The pacing of that opening instantly elevates Michell’s film over a half-dozen recent British crime-comedies. We’re heading towards a set-piece that’s the Yorkshire Britpic equivalent of Mission Impossible: Rogue Nation’s opera-house assassination, while the gags allow supporting players to dig in and make an impression. Anna Maxwell Martin is formidably sarky as a detective aghast at having to enter the artsy-fartsy literary scene; Derek Jacobi has a classy cameo as a priest who justifies the hit with chilly mouthfuls of scripture; Matthew Steer’s brisk, funny sketch of the spineless festival chief will likely cue cringes of recognition in some quarters.

Having the action observed by a roving male voice choir – representing the C of E’s safe centre ground – looks like a cheeky crib from the Icelandic hit Woman at War, but it’s a solid evening’s entertainment, assembled with an assurance rare at this budgetary level.
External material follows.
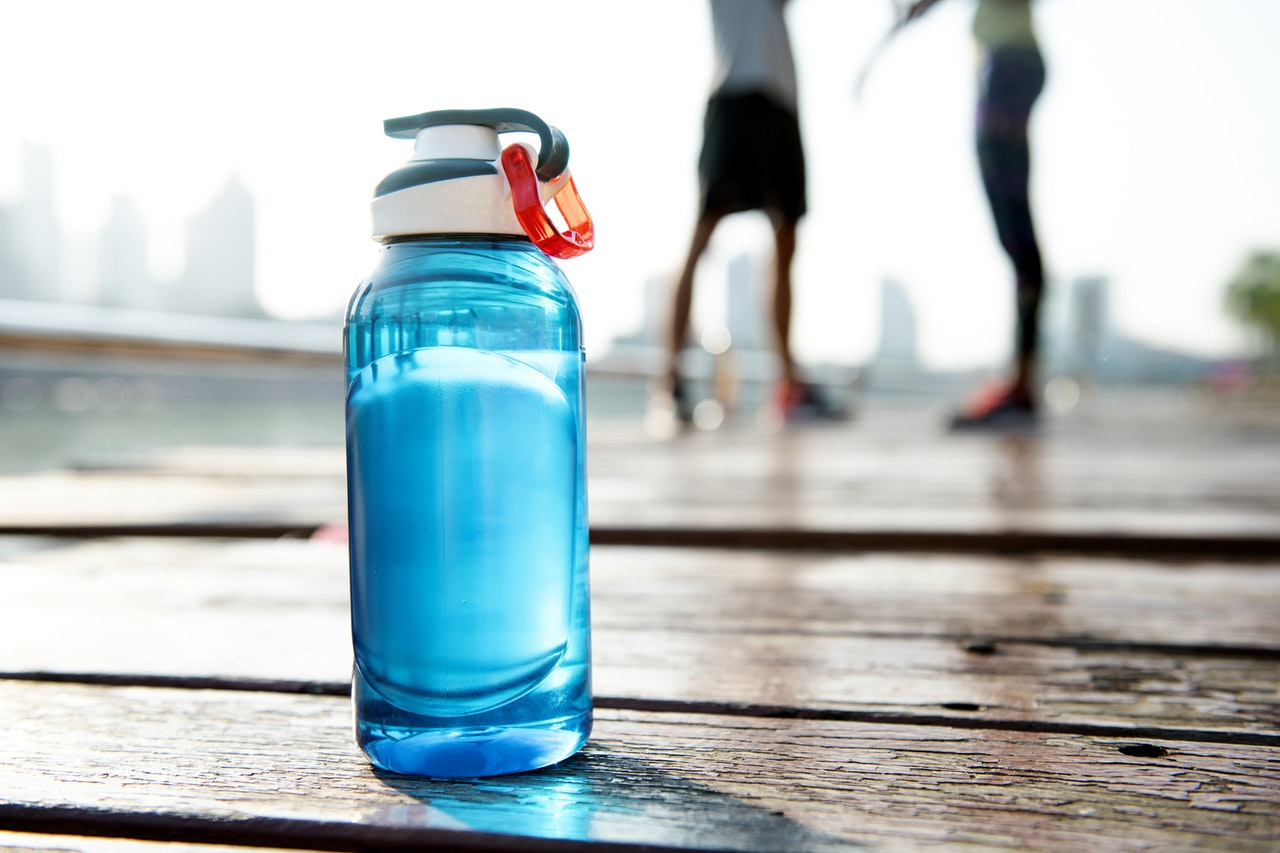 Hydration- exercise beginners
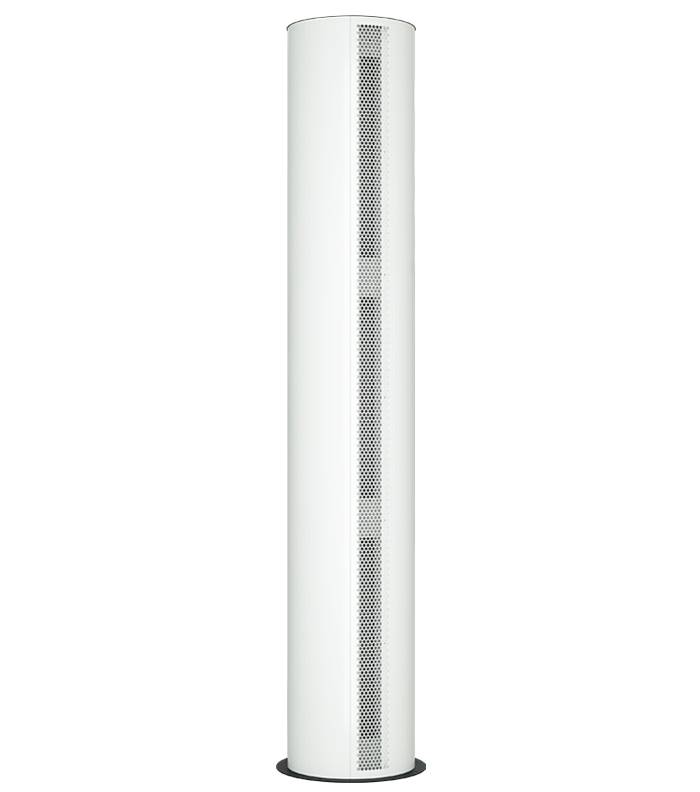 Тепловая завеса водяная Тепломаш КЭВ-135ПW Колонна Бриллиант 126022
Norwegian-born cinematographer Sverre Sørdal provides attractive glimpses of the moors (still under-utilised as a Britfilm resource), while sharp editing serves both the comedy and thriller aspects. Simmons and Michell, blessed with good ideas and the craft to do them justice, are building a notable filmography on the margins: let’s hope the industry’s moneymen are watching.

• Say Your Prayers is on digital platforms from 28 September.